1
votes

I have a PHP web app with a section to send invoice by email to all partners. Each partner could have more than 1 email.

For example: COMPANY-1 with emails: email_1@company1.com and email_2@company1.com

I send all with phpmailer.

I save into my database the send-response from server mail ( in this case gmail).

If sent, i'll save true, else false - foreach email.

But some emails sometimes are incorrect (due to error typing when insert) or are dismissed by the company (in this case the company do not inform us and we still send to this deleted email) and I like to retrieve these "problems" using web app.

(If I login into google webmail I can see the email returned for each sent to an not existing email, with some advice/error code inside... but i don't know how to retrieve using PHP)

I tried using

$inbox = imap_open($hostname,$username,$password);

$emails = imap_search($inbox,'ALL');

This script works, but using ALL i get timeout.

I don't know the best method to retrieve these email of "NOT DELIVERED EMAILS FOR SOME PROBLEMS".

My first ideas was to set a custom Message-ID in the header when I send:

$messageID = "<" . md5($_SERVER['HTTP_HOST'].(idate("U")-1000000000).uniqid()).'-'.idate("U") . '@' . $_SERVER['HTTP_HOST'] . '>';
$mail->MessageID = $messageID;

and then in my script, using a command like:

$messageID = retrieve_from_database(...);
$emails = imap_search($inbox,'HEADER ' . $messageID);

but it doesn't exist a query HEADER

I'd like in my web app to show, for each email sent, eventually problem of bounced or undelivered but I don't know how and what I need to "ask" to imap_search to retrieve responses associated to the original sent email.

I read criterias list from docs, but I don't find anything usefull I think: https://www.php.net/manual/en/function.imap-search.php

Example of a scenario I need:

  1. I send an email with Message-ID: <test@testXYZ> from my_email@mywebapp.com to email_not_existing@test.com.
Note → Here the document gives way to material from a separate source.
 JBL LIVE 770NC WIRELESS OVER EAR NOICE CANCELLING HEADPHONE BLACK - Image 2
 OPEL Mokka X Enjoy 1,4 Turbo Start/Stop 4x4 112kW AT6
The server response true cause sent is done.

  2. I insert a new entry on my database table emails_sent with send result true: INSERT INTO emails_sent (ID, email_dest, sent, MessageID, when) VALUES (455, 'email_not_existing@test.com', TRUE, $messageID, '2019-05-30 8:00:00')

  3. The gmail daemon reply to my_email@mywebapp.com with a message of undelivered email

  4. In my web app, when I go into page of sent emails, foreach ID from emails_sent table, i need to search on imap eventually response email with errors. In this example case when I ask for ID 455, I need to search on imap_search messages replyes associated with my email sent with MessageID assigned by me (or other method i don't know....)

1
First of all, I’d suggest you use a dedicated account to handle those bounces - so that you don’t have to fish them out of a heap of other mails handled by the same account. Specify a Return-Path for that purpose.04FS
Secondly, if you are on a server that you have enough control over (and not some shared hosting situation), look into piping incoming emails directly to a script. That way, you don’t have to bother with periodically reading the contents of imap folders, but your script can process each mail directly when it arrives.04FS
HI @04FS, unfortunately i'm on shared hosting and my solution is to interrogate periodically the imap with a script. For example every 10 minutes. OK If I create a new mailbox like: bounced@mywebapp.com and set a 'Return-Path' I can search inside this mailbox: probably i don't have timeout problem (until mailbox has not a lot email yet)...but my question remain: how to associate a returned email with the original email sent? Another question, but i'm not sure: 'Return-Path' I think was deprecated by phpmailer script.Giuseppe Lodi Rizzini
MUAs (like PHPMailer) should never set a return-path header; it's not their job. You should specify an envelope sender which is used at the SMTP level as the MAIL FROM address; the receiving mail server then adds that to the message as a return-path header. This is also where bounces will be sent.Synchro

1 Answers

2
votes

I would advise you to get away from shared hosting and get a proper server (try scaleway.com). As you're discovering, it means you don't get sufficient control.

I'd recommend against using IMAP as your database - as you're finding it's not good enough for the kind of searching you want to do. If you import all the bounced messages into your own DB, you're free to parse and search in whatever way you like, and it's also easy to get all messages from IMAP.

The most efficient way to handle bounces is to get your SMTP server to pipe bounce messages directly into a script. This will give you the complete bounced message, along with environment variables that tell you more about the delivery. That of course requires that you have config-level access to your mail server, or a hosting provider with a clue.

Be warned that bounce handling is an exceedingly unpleasant task, and is very difficult to do well. You may want to look at a 3rd-party bounce handler like Boogie Tools bounce studio to save you some sanity! Aside from some very broad top-level standards, there is very little consistency at a lower level, and bounces are often useless. For example, MS Exchange can produce bounces that do not contain the bounced message's original target address at all! The way around this is to use VERP, where every address (or even every message) gets its own unique return path, allowing you to know where a message bounced from even if the message content contains no clues.